De acordo com o estrategista-chefe de macromercados da BNY, Bob Savage, os resultados do 1º trimestre dos EUA devem ser guiados mais pelas projeções futuras do que pelos lucros divulgados, com o consenso do S&P 500 apontando para um crescimento de lucros em torno de 13%, embora haja ampla variação entre 9% e 19%.

Foco em orientação, IA e margens

Essa leitura sugere que a divulgação trimestral deverá enfatizar perspectivas futuras em vez de resultados passados. A visão de consenso para o crescimento de lucros é de cerca de 13%, porém as previsões variam significativamente, entre 9% e 19%. Diversas empresas já sinalizaram orientação positiva, o que é incomum desde 2022.

O rácio preço/lucro forward de 12 meses do S&P 500 caiu para 19,8, ante 22 no início do ano, sugerindo alguma compressão, ainda que o índice tenha recuado pouco no acumulado do ano. O P/L trailing de 12 meses fica em 26,2, possivelmente mais revelador para o momento.

Três movimentos divergentes nas posições relativas às expectativas de lucros devem moldar a reação dos investidores a surpresas de EPS. Dados do iFlow indicam queda nas participações em Tecnologia, Serviços de Comunicação e Financeiro, sinalizando uma rotação iniciada antes do conflito no Oriente Médio e alinhada à mudança de 2026 para temas de crescimento menos dominantes.

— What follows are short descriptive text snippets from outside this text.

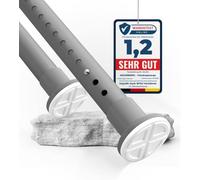 MEISENBERG Barre de Douche Extensible, 160-210 cm, Gris, Ø 32 mm, Tringle Rideau Sans Percage pour Fenêtre, Salle de Bain, Terrasse et Cloison
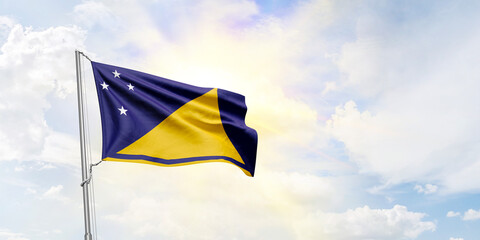Tokelau flag waving on sky background. 3D Rendering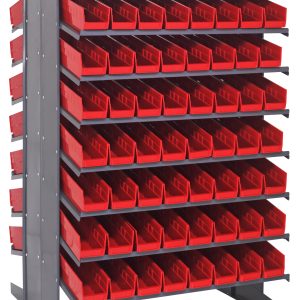 Presenting the Quantum Pick Rack: a double-sided metal storage unit with an 800 lbs. capacity, measuring 36L x 36W x 60H. It features 16 shelves and includes 128 Qsb103 red bins, ideal for efficient small item organization.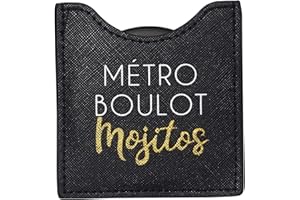 DRAEGER PARIS 1886 Draeger – Specchio rotondo da taschino con scritta "Metro Boulot Mojitos", ideale come regalo di compleanno, per tutte le occasioni, dimensioni: 8,5 cm x 8 cm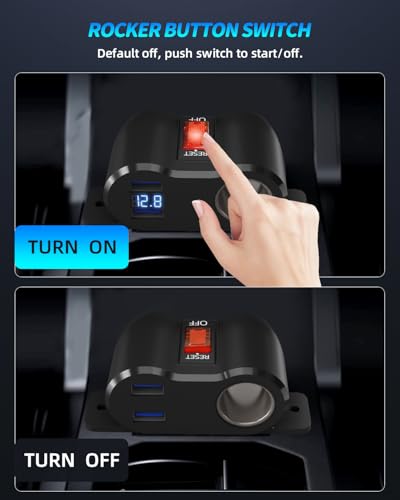120W 2*QC3.0 Outlet Cigarette Lighter Socket Splitter LED Voltmeter - color: Black Blue, size: 1P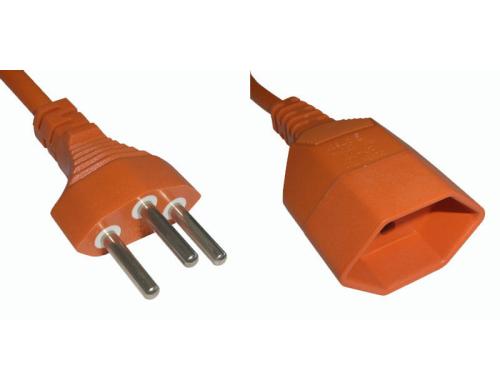 Kunststoff-Verlngerungskabel, 2m, orange 3-polig, T12/T13, Kinderschutz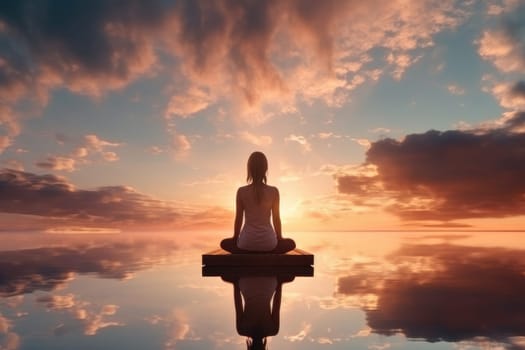A peaceful and serene image of a person meditating during a sunrise yoga practice, surrounded by the tranquil morning light, creating a sense of calm and mindfulness.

Imobiliário, Materiais e Saúde aparecem mais dependentes dos lucros subjacentes. A temporada de resultados tende a ser definida menos pelos números reportados e mais pelo guidance futuro, com incerteza macro e rotações setoriais aumentando a sensibilidade do mercado a revisões de outlook. Reações assimétricas tendem a favorecer empresas capazes de sustentar crescimento diante da volatilidade. Ganhos de eficiência via IA e expansão de margens continuam atuando como vetores estruturais de apoio, sobretudo em setores com alta alavancagem operacional.